When you transcribe the listing that follows, keep every line exact and skip any picture.

• • • • • • •

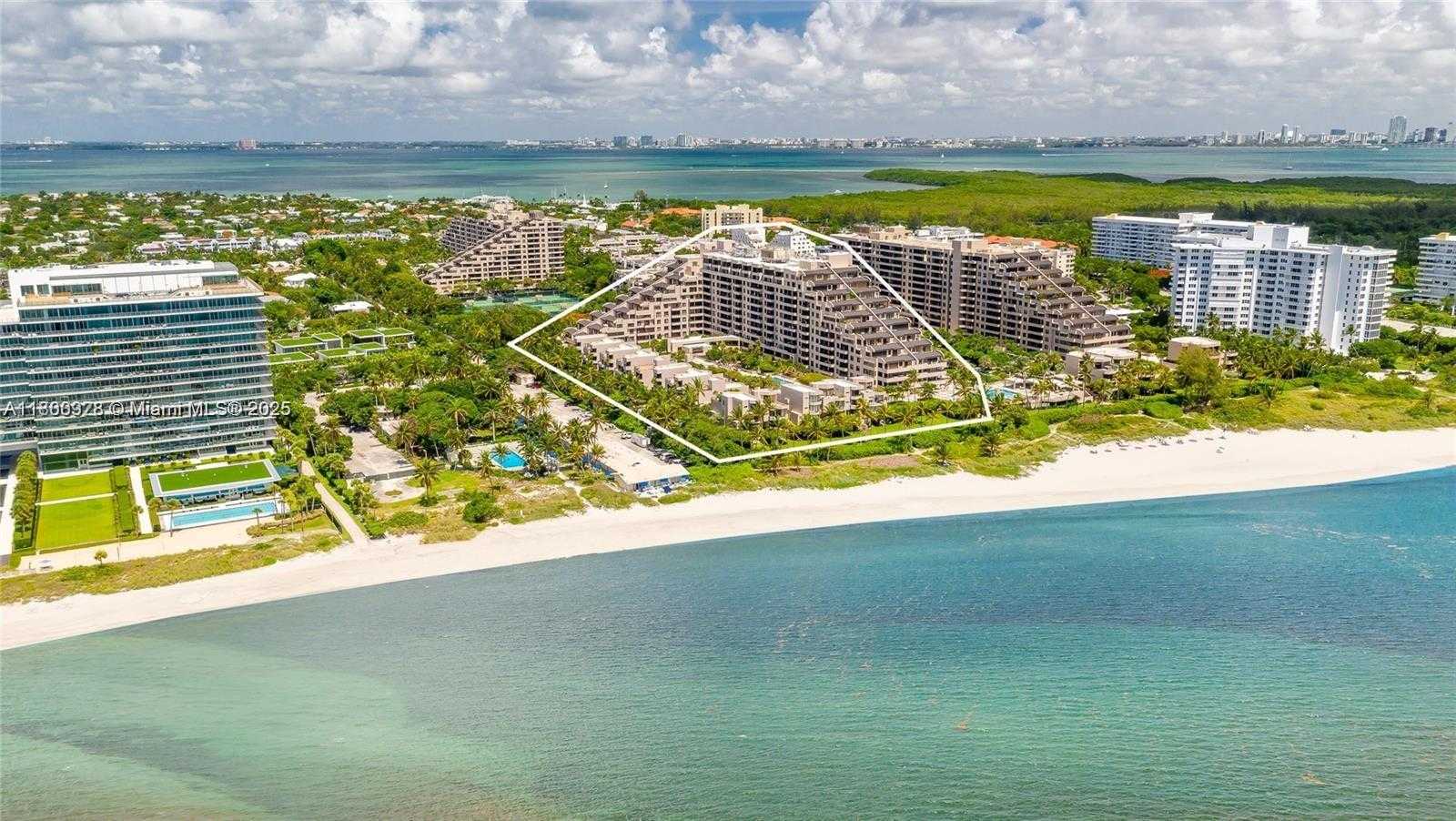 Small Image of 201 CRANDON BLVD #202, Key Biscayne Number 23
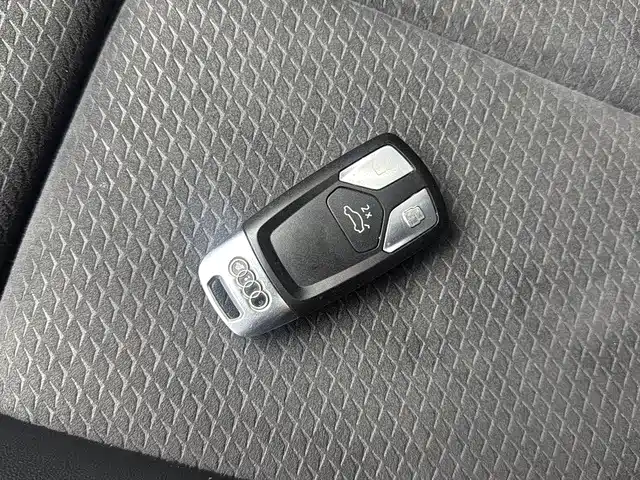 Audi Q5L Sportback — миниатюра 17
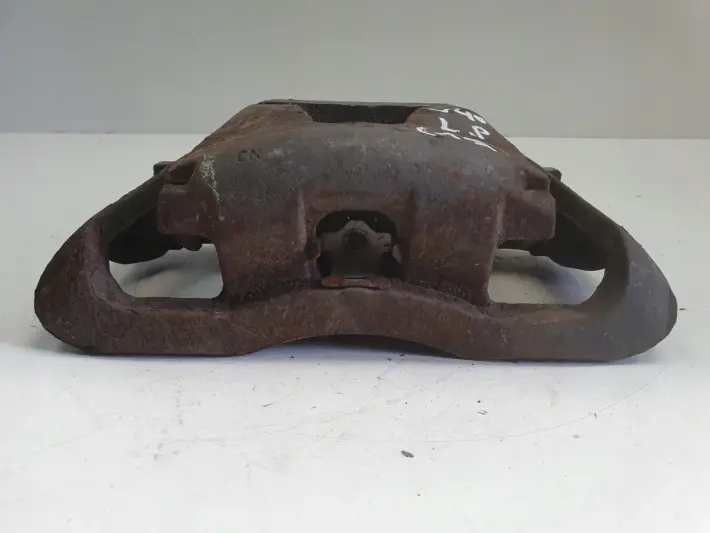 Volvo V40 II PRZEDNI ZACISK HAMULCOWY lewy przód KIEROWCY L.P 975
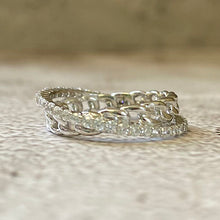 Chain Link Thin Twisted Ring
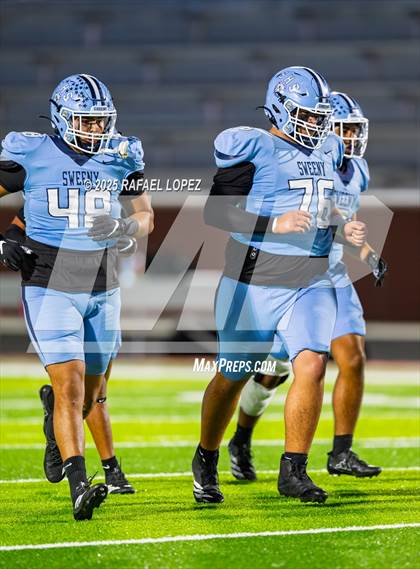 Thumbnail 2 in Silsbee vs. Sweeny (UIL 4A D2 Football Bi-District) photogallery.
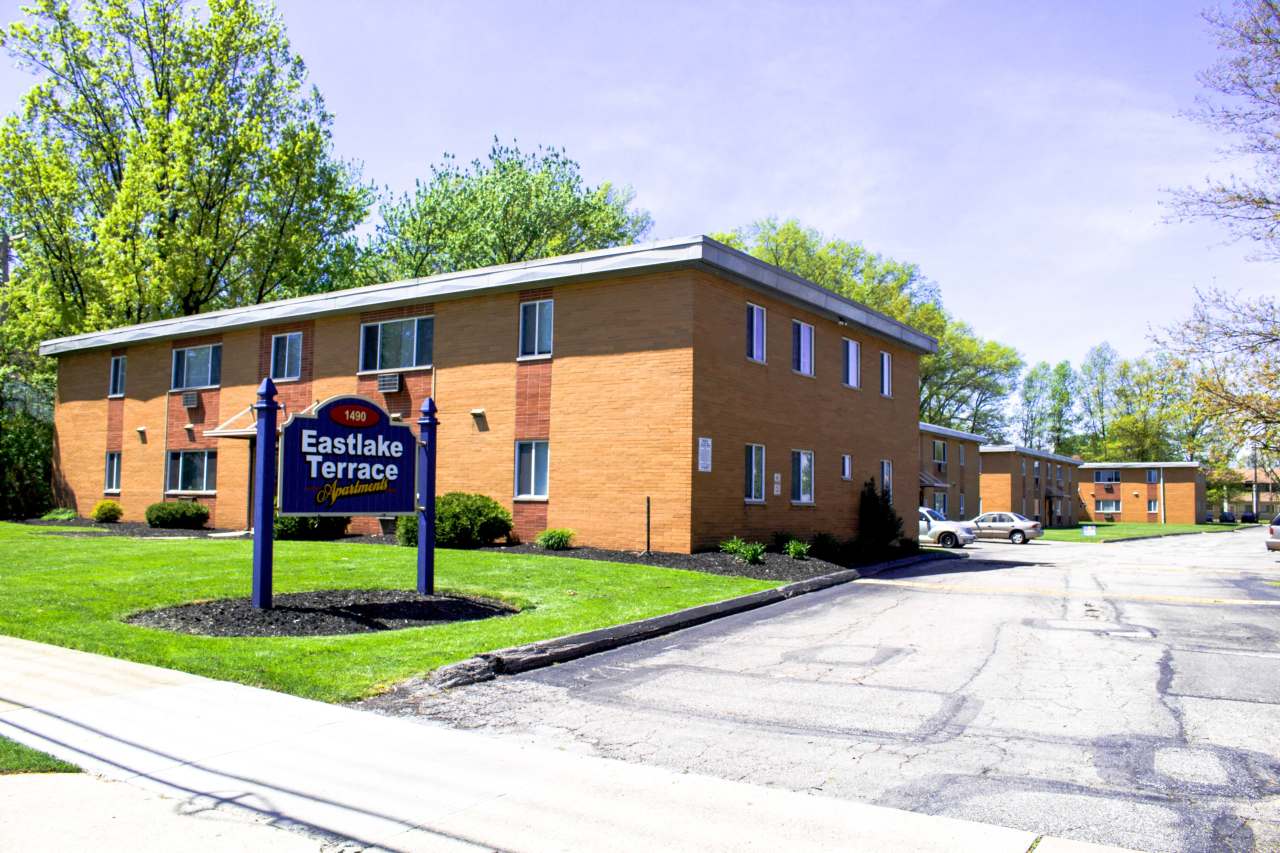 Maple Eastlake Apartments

• • • • • • •

▶ _Task answer_
 Small Image of 201 CRANDON BLVD #202, Key Biscayne Number 23
 Audi Q5L Sportback — миниатюра 17
 Volvo V40 II PRZEDNI ZACISK HAMULCOWY lewy przód KIEROWCY L.P 975
 Chain Link Thin Twisted Ring
 Thumbnail 2 in Silsbee vs. Sweeny (UIL 4A D2 Football Bi-District) photogallery.
 Maple Eastlake Apartments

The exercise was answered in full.